You know, at the time, this was like 10 times bigger than anything we've ever run on. And my answer, you know, trying to be as honest as I could, you know, I don't, you know, I don't want to promise things we can't deliver. I said, I don't know. And, you know, that was fine. They were like, okay, we get that. You know, you know, and they're like, can we work through this with you?

Do you have commitment to help us be successful? I said, I don't know, but, you know, we'll make you be successful. Um, and so we worked through all the technical details, et cetera. Now I won't forget after that meeting, the team lead of that pulled me aside and said, you know, that was a great meeting. We're super excited about the technology, but if I could give you one piece of [00:35:00] advice, You shouldn't have said, I don't know what you should have said is we're committed to make it work for you because he's like, this is such a critical layer for us that this is make or break for us as an organization.

And so I don't know is not a confidence inspiring answer, right? And we get it. You were trying to be technically honest and not, you know, blow smoke. But, you know, I think what we needed to hear from you is a conviction to our success. And so that was a profoundly impactful meeting for me. And it changed the way I interact with a lot of our customers, which is It makes you realize the bedrock of a lot of this stuff is trust.

Someone saying, can I trust you that I'm going to make a bet with my career that this is the right technology? And you need to look them in the eye and say, yes. You know? And, uh, you know, it's been a great relationship with them. They were, you know, huge user, advocate, customer. You know, still are right. So, but it was just it was a meeting like that.
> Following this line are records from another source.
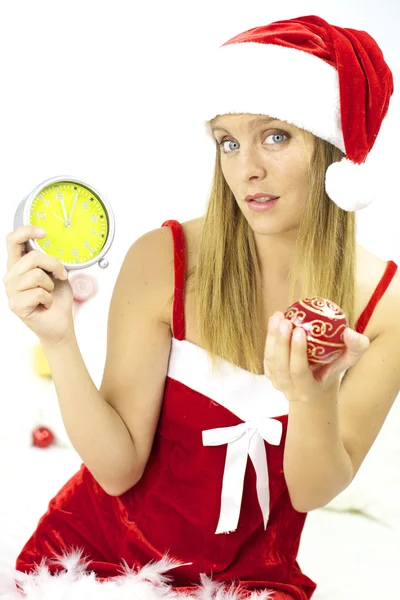 Triste Père Noël montrant horloge en retard pour la nuit de Noël — Photo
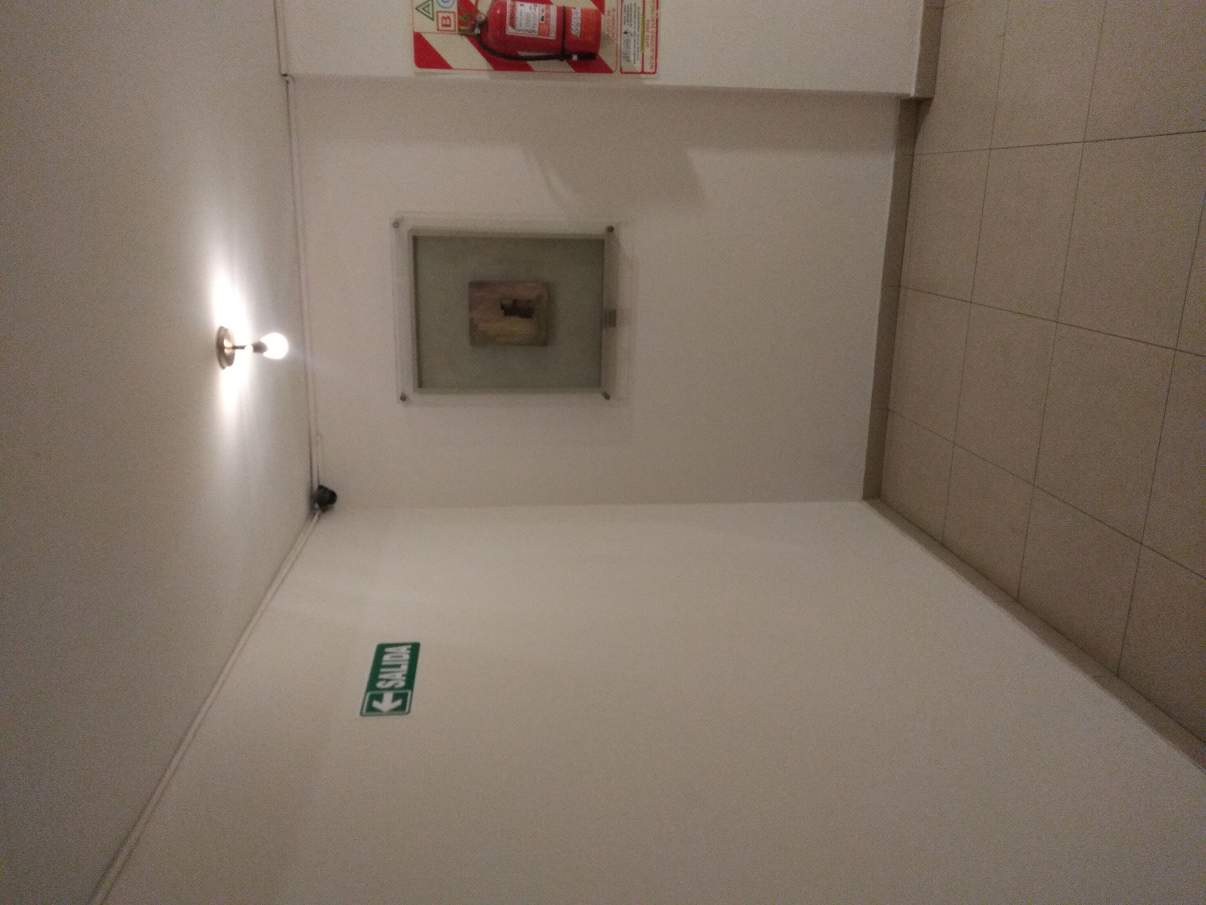 Excelente Semipiso con Terraza a mts de Nva Cba !!!!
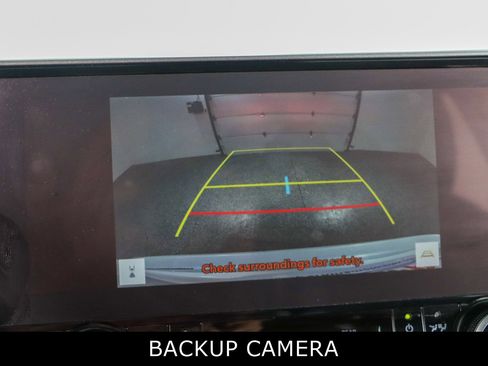 Used 2023 Toyota Highlander Limited image 18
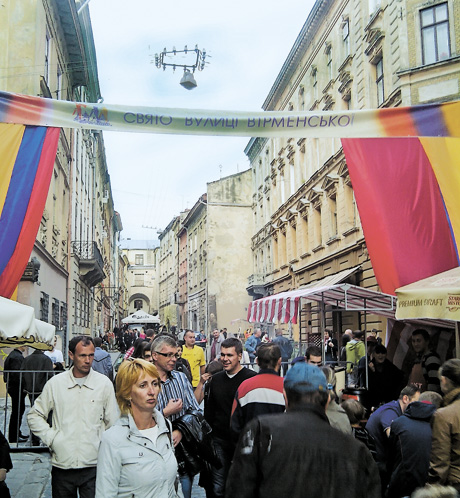 Вірменська вулиця завжди людна. Фото автора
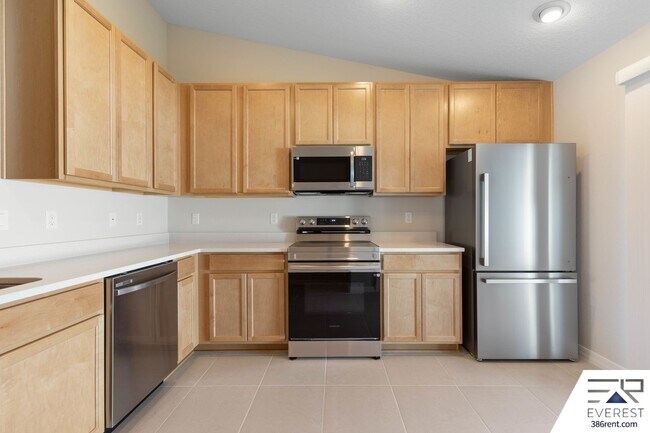 Building Photo - FULLY FENCED, LIKE NEW 3/2/1 TOWNHOUSE ON A CUL DE SAC IN BEAUTIFUL SEMINOLE WOODS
There was really very impactful on how I think about, you know, how you engage with

Armon: customers. Logan: it

Logan: goes back to what, what are customers actually buying? And it's some combination of, of. The, the software, the service, the trust, the [00:36:00] confidence, all that stuff is, is, uh, intertwined in so many different ways.

Armon: exactly.

Organizational Evolution: Adapting Structure to Strategy at HashiCorp

Armon: Yeah. Enterprise is so much of it is really about trust, right? Uh, and that's why I think there's honestly no substitute for some of these meetings being in person, right? And why, you know, it's valuable since so many, you know, miles, frankly, in a plane is it's like you got to shake their hand, look him in the eye and say, Hey, You know, your success is my success.
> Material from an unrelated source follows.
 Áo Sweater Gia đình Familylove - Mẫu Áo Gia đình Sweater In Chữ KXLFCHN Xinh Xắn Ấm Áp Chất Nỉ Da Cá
Logan: Did you staff against six different products at launch? Like what, what was the actual, uh, org structure around it? Did you have like GMs of different products or did each group have different product engineering teams responsible for it? How did that actually

Armon: I mean,

Armon: it evolved a lot. I mean, in the early days, it was crazy. I mean, we had 15 people with 6 products. So, you didn't need a GM when you had 3 people on each product.

Logan: Yes. Yeah. Yeah. Hmm.

Armon: know, so I think, you know, from the early days, we were just, we were thin, but we were lean and mean team. And we worked really hard to like, how many libraries can we share, how much code can we reuse across [00:37:00] projects because we didn't have the resourcing given how many products we had. Obviously, as we got bigger. We could put a lot more staff on each of these products, so it got a little bit easier. And then we went through an evolution, right? For a long time, we were functionally organized, right? So we had, you know, product engineering, design, sort of functional groups. Then right around our IPO, we reorganized into more of a GM model.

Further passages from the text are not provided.